* _Action item_: Nothing but the line with "Реле TOYOTA Avensis 2003-2008" and the lines after it, through the end of the records below, is to be repeated, exactly as it is.

##### Material for the task

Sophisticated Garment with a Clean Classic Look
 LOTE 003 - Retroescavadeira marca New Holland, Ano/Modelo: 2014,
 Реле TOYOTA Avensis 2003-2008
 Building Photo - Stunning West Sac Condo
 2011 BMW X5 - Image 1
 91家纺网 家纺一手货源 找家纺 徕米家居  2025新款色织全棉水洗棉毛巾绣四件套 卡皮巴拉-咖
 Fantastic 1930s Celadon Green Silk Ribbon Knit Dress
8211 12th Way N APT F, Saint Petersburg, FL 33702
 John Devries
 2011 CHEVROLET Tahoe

##########

* _Task response_:
 Реле TOYOTA Avensis 2003-2008
 Building Photo - Stunning West Sac Condo
 2011 BMW X5 - Image 1
 91家纺网 家纺一手货源 找家纺 徕米家居  2025新款色织全棉水洗棉毛巾绣四件套 卡皮巴拉-咖
 Fantastic 1930s Celadon Green Silk Ribbon Knit Dress
8211 12th Way N APT F, Saint Petersburg, FL 33702
 John Devries
 2011 CHEVROLET Tahoe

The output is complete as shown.